Dread Solid Perfect: Bob Marley 75

So did you miss me? I moved into a space and got internet for the place, so here we are, ready to resume the thankless tedium of audio restoration with the first post of Black History Month.
Today is an easy one, a pretty straightforward tribute to one of the most beloved musicians who will ever be, on a milestone birthday.
That he is 75 today, or would/should have been, is really kind of mindblowing. I remember the reports of his death on the radio when I was all of 14 years old... that he is gone almost 40 years is testimony to the fact that we old.
We might have gotten old, but the music of Robert Nesta Marley will never age a day. It will be enjoyed and provide a philosophical basis of constructive resistance long after everyone any of us know is way gone from this orb, and you don't need me to tell you that to know it's fact.
Was he murdered by the darker forces? The dreaded CIA soccer shoes?
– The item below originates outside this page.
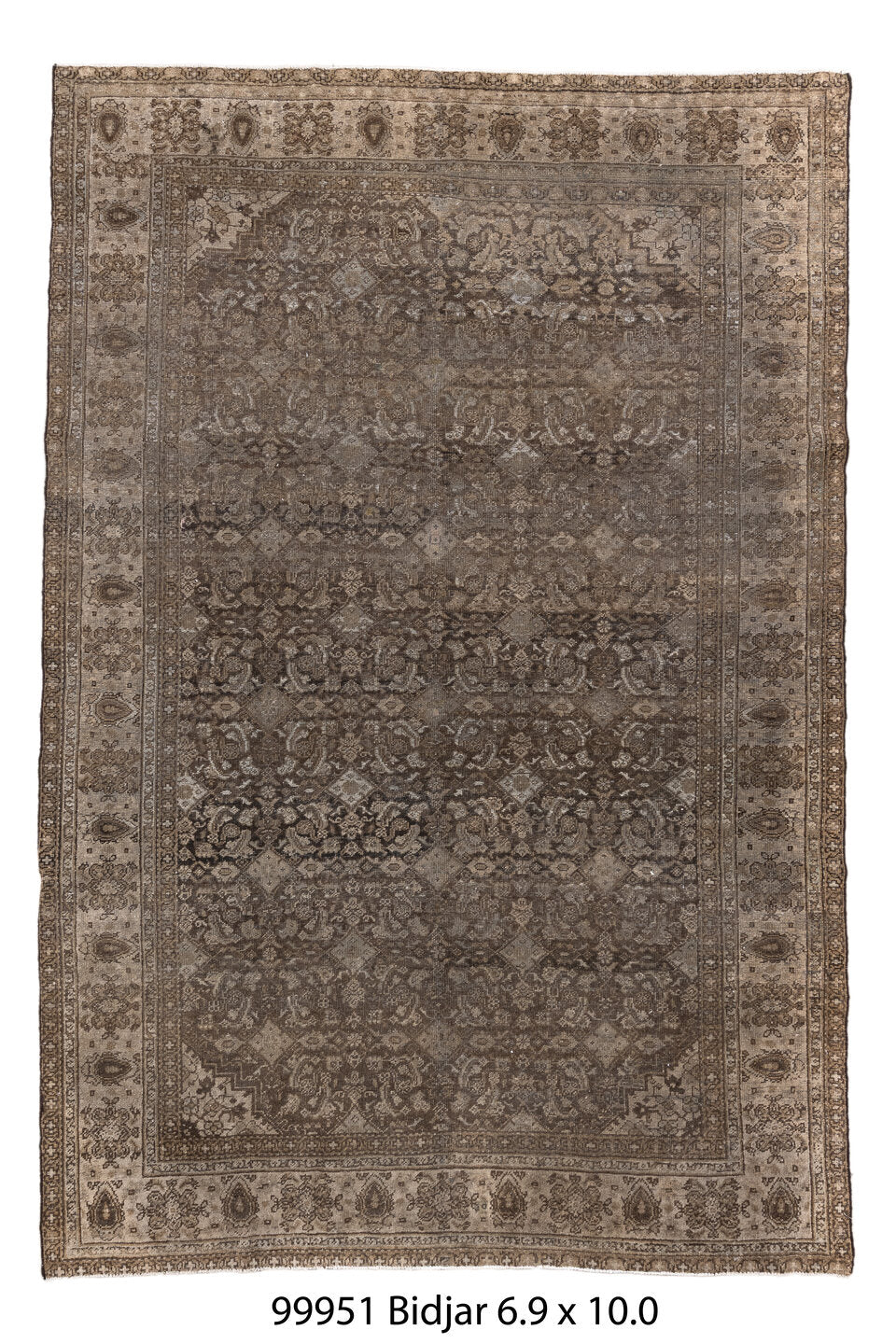 099951 Rug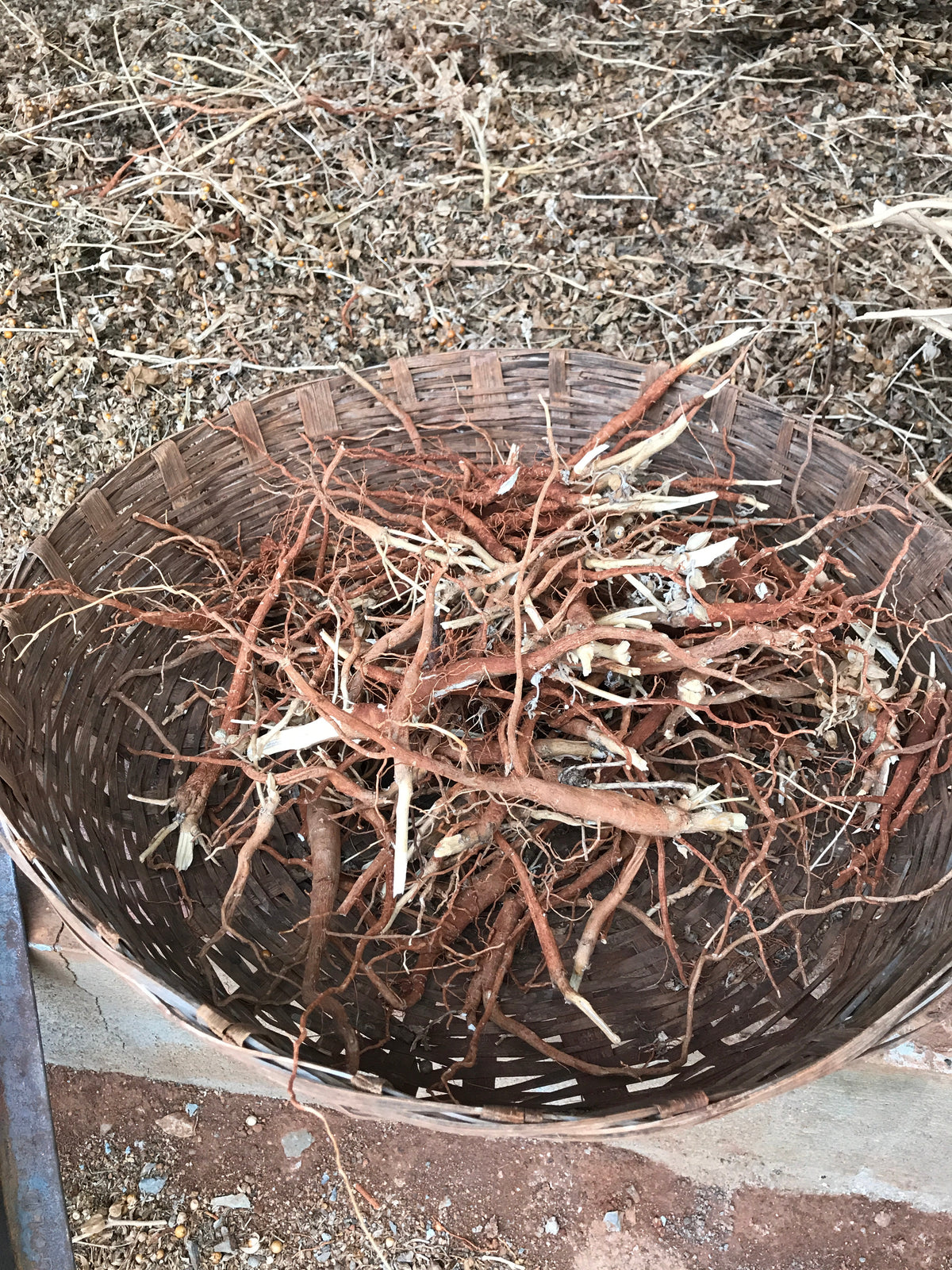 BackuppMyFilesnow® Ashwagandha capsules for stress relief, showing a bottle of herbal supplement capsules on a neutral background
We'll never know for sure, but it no longer really matters.
If the Babylon bastards didn't kill him, you bet they wanted to. That's how you know you're singing the song right, when Art becomes so weaponized in the mind of your audience the Controlling Hand has to step in and reintroduce the boot to your collective neck.
Probably the closest thing to a living, breathing shaman onstage as any artist of our lifetimes, just his live performances alone were life-altering experiences for a great many attendees.
And this, to say nothing of the music he specifically helped to invent, codify and popularize to the point where by the end of the 1970s, it had taken over the world, and continues life today as one of the richest and most vital genres we have here.
And, yet, there's more. Enjoy legal cannabis much? Without guys like Bob paving the way when it wasn't quite such a popular position, you'd still be hiding your little herb stalk in the bushes and running from the roadblocks today.
They called him the Negus of Reggae Music back then and in a certain sense, he always will be the singlemost identifiable artist of the firmament of it, which as we know is extensive.
Is Bob Marley one of the ten most recognizable global cultural figures of the last 100 years? I would say absolutely to the power of definitely.
He is looking down from the right hand of Jah right now, surveying his accomplishment and loving the idea that somewhere on Earth, at all times, one of his tunes is playing and bringing the Irie vibe he always intended.
The saying goes that you can kill a revolutionary, but you can't kill the revolution. From what we see around us just this week, we can't help but wonder why the powerful privileged never seem to comprehend its basic truth.
It's OK, though, because for every billionaire sociopath endowed only with the capacity for coercion, there's 1000 spiritual children of Bob Marley in the world ready to counter it with the commensurate quantity and quality of compassion.
So let's give thanks and praises to the Most High on Bob's big day here, courtesy of one of the acknowledged jewels of his as-yet-unreleased performances.
Bob Marley & the Wailers
The Boarding House
San Francisco, California USA
7.7.1975

01 Trenchtown Rock
02 Burnin’ & Lootin’
03 Midnight Ravers
04 Them Belly Full (But We Hungry)
05 Rebel Music (3 O'Clock Roadblock)
06 No Woman, No Cry
07 Kinky Reggae
08 Stir It Up
09 Lively Up Yourself
10 Get Up, Stand Up

Total time: 1:05:33

Bob Marley - guitar, vocals & percussion
Aston "Family Man" Barrett - bass
Carlton Barrett - drums & percussion
Al Anderson - guitar
Tyrone Downie - keyboards
Alvin "Seeco" Patterson - percussion
Judy Mowatt - vocals
Rita Marley - vocals

KSAN-FM pre-FM reels, pitch corrected in 2009 by sidewindersf
one track marker moved to start with actual music by EN, February 2020
I will try to fire up my beautiful machine in my new surroundings, disoriented as I may be, in the next few days, and brew up some BHM badness like I try to do each February.
Do enjoy this show -- you can hear the crowd at one of Bob's last club gigs before he became too big for stadiums ready to spontaneously combust from the then-new sounds being transmitted from the stage -- and let's celebrate the 75th birthday of a legend's legend for all the ages, with whom we have all been so fortunate to have our lifetimes overlap.--J.